The fourth stage is thus the realization that values inherited from the colonial era persist. A second liberation, after independence, should be enough to drain the colonial poison thus enabling rediscovery of the native culture and placing it on equal terms with that of its former masters. In this inverted scenario, the freed land is no longer considered peripheral to an exogenous center and can become the true center of its own cultural map. This pole reversal at the heart of subaltern studies is also reflected in the critical regionalism movement. In Bangladesh, the Institute of Architects is involved in a lengthy project that was initiated by Muzharul Islam and Shamsul Wares, and is continued today by a constellation of new builders of which Kashef Chowdhury is undeniably a part.
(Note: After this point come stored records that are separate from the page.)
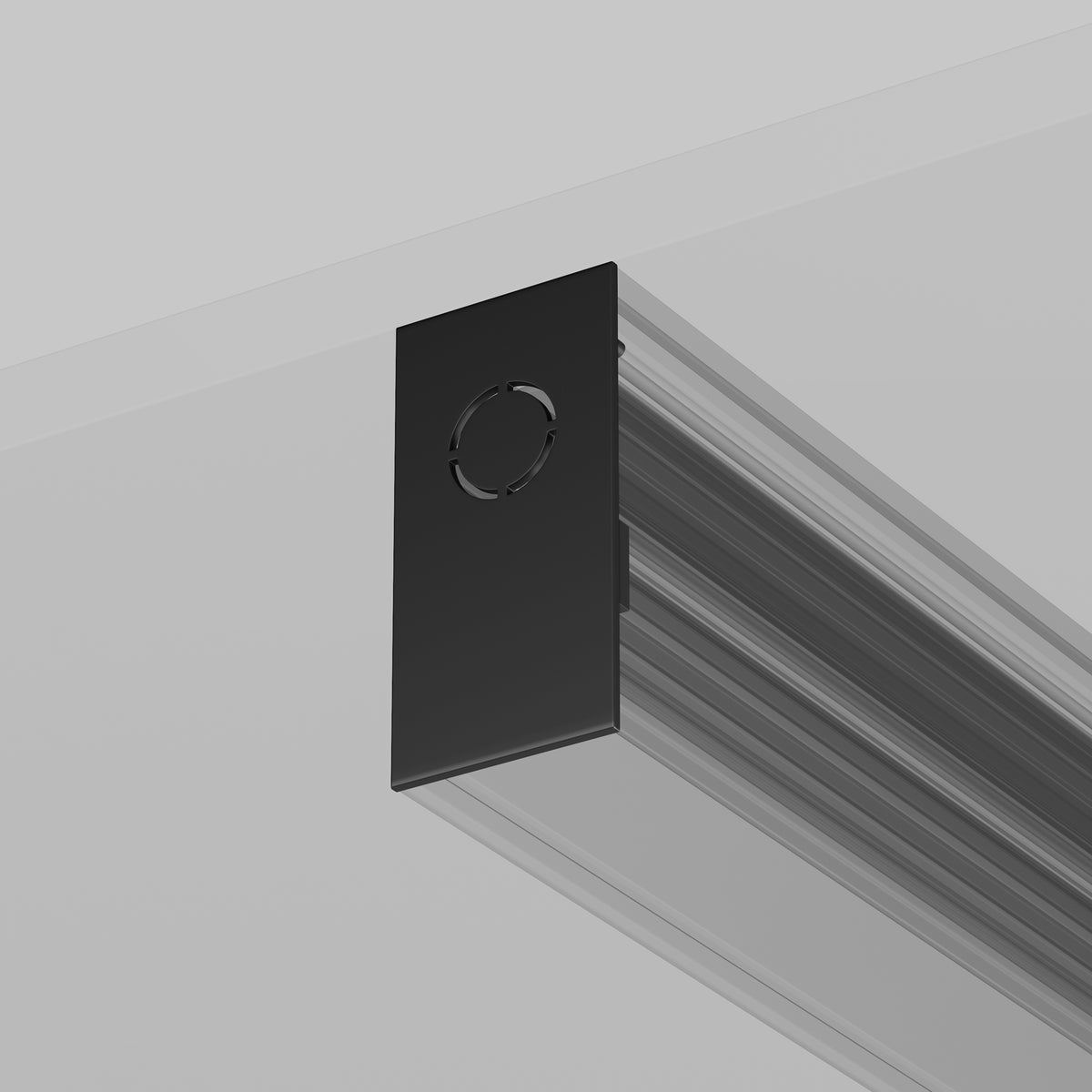 Komponenty do systemu szyn natynkowych Technical Accessories for tracks Exility - x TRA034EC-41B | Czarny
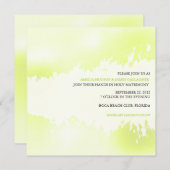 Lime Green abstracte trouwuitnodiging Kaart (Voorkant / Achterkant)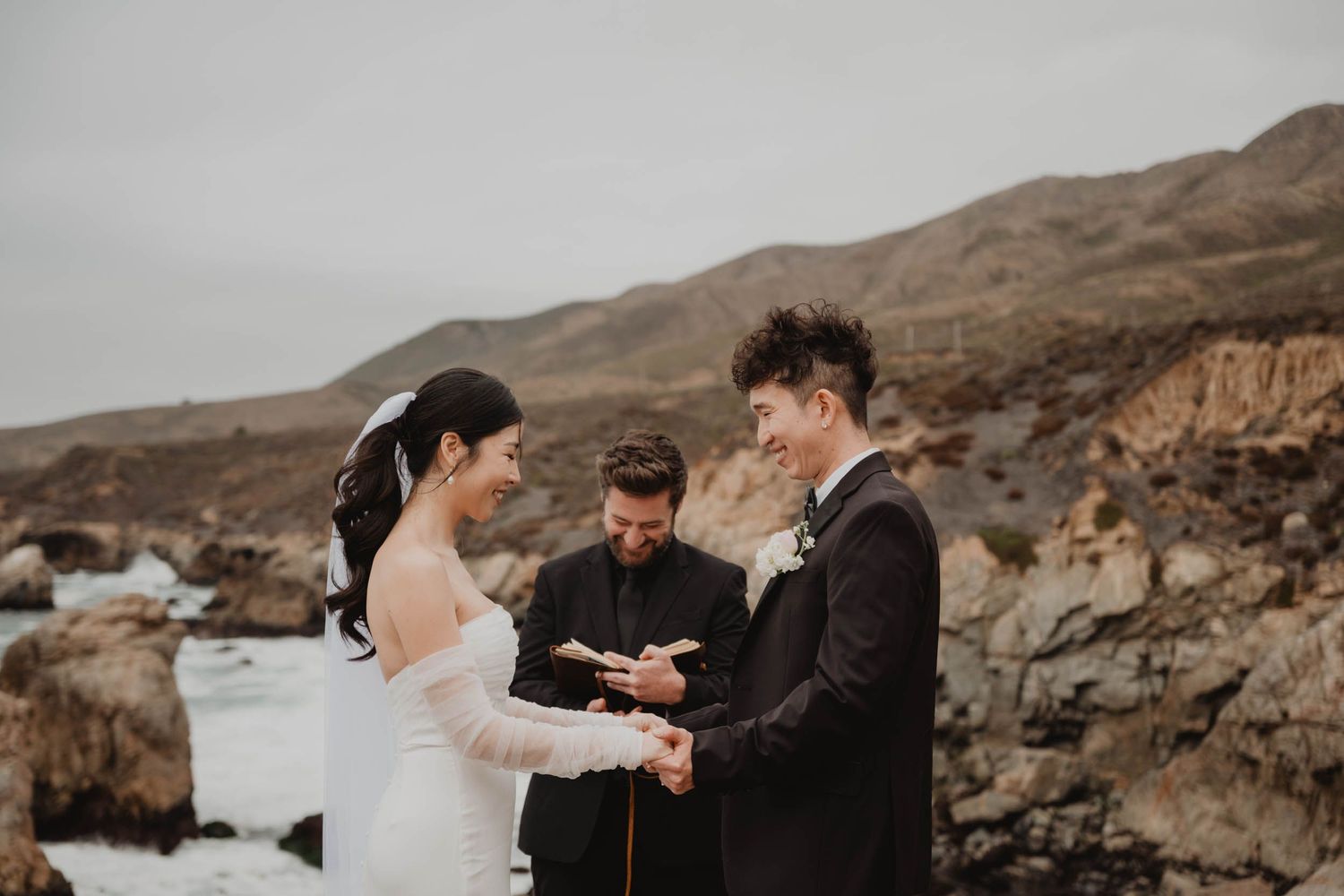 happy crying dad at his daughter's wedding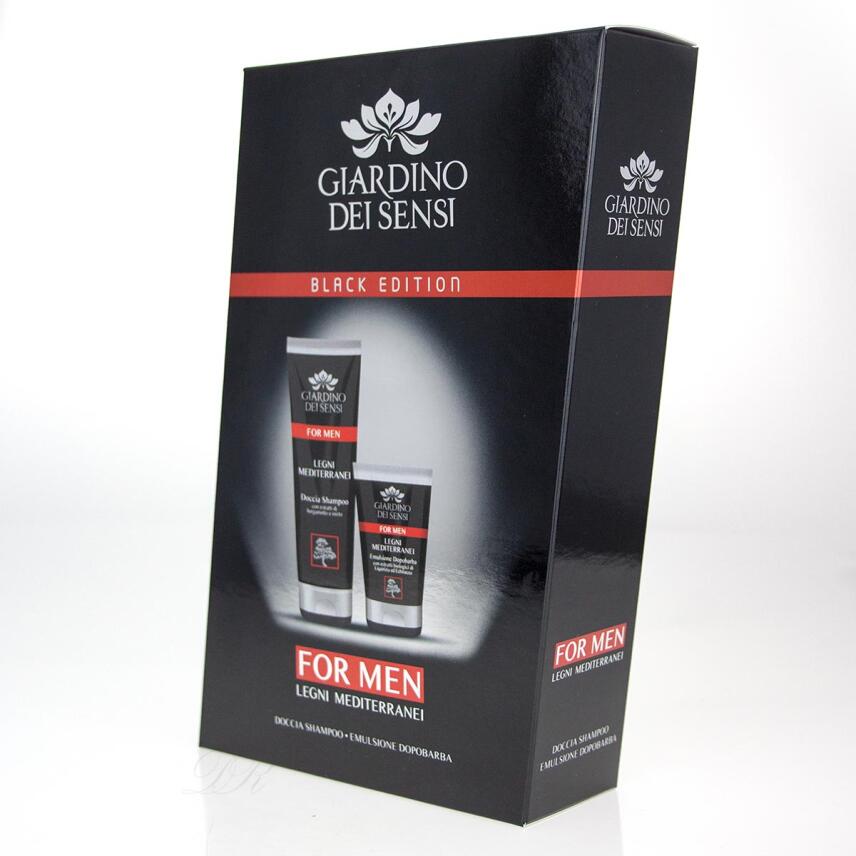 Giardino dei Sensi Legni Mediterranei Geschenkset M&auml;nner After Shave &amp; Duschgel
Of all of Chowdhury’s projects, the Friendship Centre, constructed in 2011 in a rural part of Gaibandha, is without doubt the one that best illustrates the aspirations of critical regionalism and its willingness to cope with the broad outlines of Bangladesh’s topography: its hydrography and its climate. Narrating a country’s architectural identity by way of a building is like explaining Helvetian modernity beginning with Zumthor’s thermal springs in Vals. It is feasible.
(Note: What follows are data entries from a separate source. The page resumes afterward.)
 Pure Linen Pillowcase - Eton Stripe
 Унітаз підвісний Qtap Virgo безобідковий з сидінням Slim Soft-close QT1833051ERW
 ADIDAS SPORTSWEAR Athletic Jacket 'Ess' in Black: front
The building’s form subtly revisits one of the main advantages of vernacular construction in brick: its ability to make compact and unsinkable structures, in the context of unstable areas prone to flooding. It is more than a futile resistance to water; rather the compact nature of the structure seems to seek an equilibrium with the water, as much from a construction as an aesthetic point of view. This means constructing durable, salubrious buildings – structures that are fundamentally modern but able to withstand their environment.
The brick-bunker style is adapted from a concept found in numerous old structures. This is what Kahn strove to achieve in the design of the national parliament undertaken between 1964 and 1982. To this traditional compact typology, Kashef Chowdhury adds the notion of scale: architecture on a human scale that handles water. His bioclimatic architecture, composed of a series of courtyards, borrows from vernacular typologies, returning them to their original context. The relationship with landscape becomes a structural element of the project.
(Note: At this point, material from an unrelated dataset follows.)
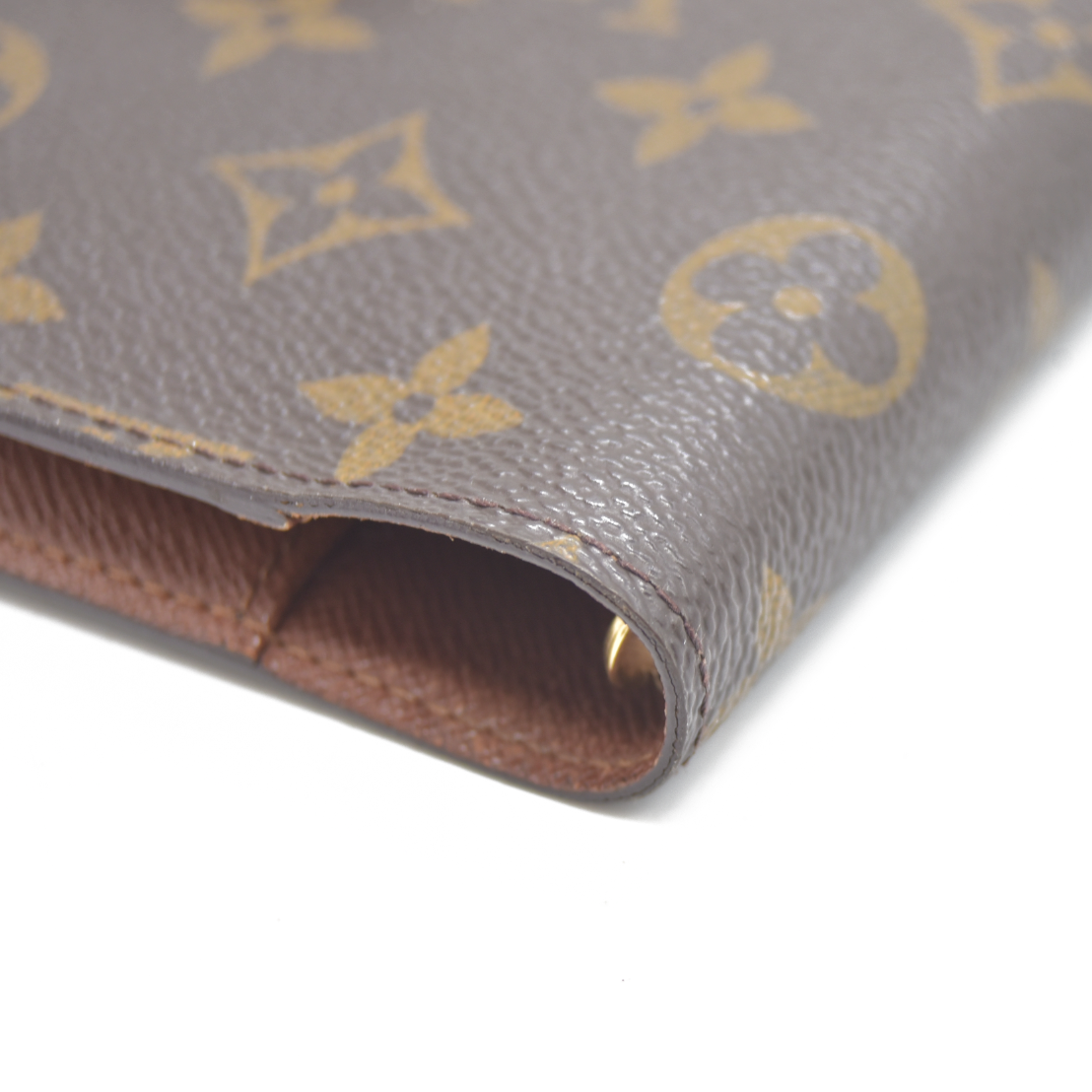 Louis Vuitton Monogram Agenda PM Notebook Cover Brown CA0071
The compact structures, the use of brick and the omnipresence of water in the layout of shared spaces mean much more than simply borrowing from the history of the country. They constitute a holistic redeployment of the most effective solutions in the most appropriate context. Herein his project achieves the closure of a cycle that begins with the colonial era and which consisted of removing vernacular models, only to return to them in a conscious way.
Through its architecture, but also through its role as a local training center, this project resolves some of the contradictions inherited from colonialism: binary oppositions such as countryside and city, Westerner and native, modern and traditional. Chowdhury’s architecture highlights these contradictions, it being urban and rural, local and global, vernacular and modern.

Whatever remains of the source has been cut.